Commissione Tributaria Regionale della Liguria, sez. II, 19 maggio 2022 n. 471
SVOLGIMENTO DEL PROCESSO
Il Signor A. R. ricorreva avverso l’avviso di accertamento n. TL5010400505, mediante il quale erano rideterminati il reddito d’impresa e le maggiori imposte relative all’anno 2013.
L’operato dell’Ufficio era fondato sulle risultanze di una verifica fiscale dell’Agenzia delle Dogane e dei Monopoli che con P.V.C. del 25.06.2014, contestava al contribuente l’effettuazione di acquisti intracomunitari per euro 67.453,00 omettendone l’annotazione sui registri Iva.
In considerazione di quanto sopra il contribuente ripresentava i modelli Unico e Irap per l’anno 2013 integrando le dichiarazioni iniziali.
L’Ufficio, però, rilevando la mancata corrispondenza tra il dato delle esistenze iniziali 2013 rettificato (euro 120.500,00) e quello delle rimanenze finali 2012 (euro 60.500,00), riliquidava analiticamente il reddito d’impresa esposto nel quadro RG della dichiarazione integrativa riportando l’ammontare delle esistenze iniziali al medesimo importo delle rimanenze finali del periodo precedente (euro 60.500,00).
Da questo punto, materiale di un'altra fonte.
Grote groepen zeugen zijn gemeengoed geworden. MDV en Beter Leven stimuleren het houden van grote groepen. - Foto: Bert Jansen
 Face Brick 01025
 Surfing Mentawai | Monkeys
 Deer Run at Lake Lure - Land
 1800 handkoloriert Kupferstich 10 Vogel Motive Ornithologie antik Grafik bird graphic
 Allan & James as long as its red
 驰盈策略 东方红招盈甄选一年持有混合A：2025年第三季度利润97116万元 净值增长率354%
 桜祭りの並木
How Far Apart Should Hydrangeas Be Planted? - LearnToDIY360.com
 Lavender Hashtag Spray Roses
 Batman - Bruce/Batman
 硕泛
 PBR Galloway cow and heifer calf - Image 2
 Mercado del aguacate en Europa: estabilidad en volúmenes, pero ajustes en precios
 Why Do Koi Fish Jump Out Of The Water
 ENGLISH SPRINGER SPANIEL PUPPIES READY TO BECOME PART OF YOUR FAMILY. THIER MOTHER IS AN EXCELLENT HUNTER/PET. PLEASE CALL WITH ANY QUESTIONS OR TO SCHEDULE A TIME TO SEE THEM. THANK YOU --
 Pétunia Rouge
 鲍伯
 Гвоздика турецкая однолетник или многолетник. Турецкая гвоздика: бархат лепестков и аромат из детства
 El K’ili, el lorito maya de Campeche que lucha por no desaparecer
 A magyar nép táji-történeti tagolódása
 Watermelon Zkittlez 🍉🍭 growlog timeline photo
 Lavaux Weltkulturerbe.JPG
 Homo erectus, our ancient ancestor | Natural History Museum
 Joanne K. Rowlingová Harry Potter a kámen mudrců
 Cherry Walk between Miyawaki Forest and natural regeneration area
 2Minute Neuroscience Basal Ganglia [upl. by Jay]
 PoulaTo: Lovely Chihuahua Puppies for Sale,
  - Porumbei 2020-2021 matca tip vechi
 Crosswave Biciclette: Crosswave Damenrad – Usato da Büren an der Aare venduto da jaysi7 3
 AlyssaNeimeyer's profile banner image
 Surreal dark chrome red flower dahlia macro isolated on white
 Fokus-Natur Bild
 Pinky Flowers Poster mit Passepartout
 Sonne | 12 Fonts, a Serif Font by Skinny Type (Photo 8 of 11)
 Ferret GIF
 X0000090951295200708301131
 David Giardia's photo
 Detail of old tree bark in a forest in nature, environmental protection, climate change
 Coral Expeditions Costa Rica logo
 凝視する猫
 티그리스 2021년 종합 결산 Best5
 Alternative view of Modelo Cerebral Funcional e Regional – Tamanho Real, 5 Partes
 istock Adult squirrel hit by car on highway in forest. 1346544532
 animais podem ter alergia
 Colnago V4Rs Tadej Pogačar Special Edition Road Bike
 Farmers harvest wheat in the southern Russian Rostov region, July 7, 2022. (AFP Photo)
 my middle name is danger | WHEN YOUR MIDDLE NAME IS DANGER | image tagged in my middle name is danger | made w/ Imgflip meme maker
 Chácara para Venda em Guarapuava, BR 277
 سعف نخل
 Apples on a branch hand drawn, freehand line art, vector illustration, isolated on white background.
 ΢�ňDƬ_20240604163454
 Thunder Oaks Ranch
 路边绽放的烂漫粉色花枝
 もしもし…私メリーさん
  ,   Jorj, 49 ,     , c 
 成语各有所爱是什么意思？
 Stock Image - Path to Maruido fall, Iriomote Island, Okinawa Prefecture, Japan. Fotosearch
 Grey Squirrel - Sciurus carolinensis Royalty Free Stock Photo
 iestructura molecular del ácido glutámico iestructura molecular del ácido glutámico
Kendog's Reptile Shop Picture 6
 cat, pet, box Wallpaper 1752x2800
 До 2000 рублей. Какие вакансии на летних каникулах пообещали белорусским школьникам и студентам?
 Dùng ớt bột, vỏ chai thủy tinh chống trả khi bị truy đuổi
Il contribuente con il proprio ricorso eccepiva pregiudizialmente la mancata sottoscrizione e la carenza assoluta di motivazione dell’atto impositivo nonché, in via principale, l’illegittimità del metodo accertativo adottato dall’Agenzia delle Entrate, chiedendo l’annullamento dell’atto fiscale.
La Commissione Tributaria Provinciale di Imperia, con sentenza n. 460/02/19, accoglieva integralmente il ricorso ritenendo nullo l’avviso di accertamento sottoscritto digitalmente, ma notificato in via ordinaria.
Appella l’Ufficio eccependo:
– che nel caso di specie l’accertamento, firmato digitalmente dal Direttore Provinciale, recherebbe nella copia analogica notificata un contrassegno tramite il quale sarebbe possibile accedere al documento informatico e quindi verificare la corrispondenza allo stesso della copia analogica.
– che non sussisterebbe alcuna illegittimità costituzionale degli artt. 62-bis e 62-sexies del D.L. n. 331/93;
– che la motivazione dell’accertamento sarebbe del tutto legittima avendo messo il contribuente in condizioni di conoscere la pretesa impositiva, come confermato dall’impugnazione proposta;
– che nel caso in discussione, dopo aver annotato nella dichiarazione per l’anno 2013 presentata il 23.09.2014 esistenze iniziali (pari alle rimanenze finali 2012) per euro 60.500,00, il Signor A. avrebbe riportato nella dichiarazione integrativa trasmessa il 30.09.2015 esistenze iniziali pari ad euro 120.500,00, superiori quindi di euro 60.000,00 alle rimanenze finali 2012. Di conseguenza del tutto legittimamente l’Agenzia delle Entrate avrebbe rettificato analiticamente la dichiarazione integrativa presentata dal Signor A. riducendo le esistenze iniziali ad un ammontare pari alle rimanenze finali del periodo precedente, non ricostruendo assolutamente (come sostenuto invece dal contribuente) maggiori ricavi sulla base delle risultanze degli studi di settore ma, anzi, valorizzando nella riliquidazione del reddito d’impresa i ricavi non annotati nelle scritture contabili evidenziati nella dichiarazione integrativa (euro 21.469,00), inferiori a quelli riportati nella prima dichiarazione presentata per l’anno 2013 (euro 45.200,00).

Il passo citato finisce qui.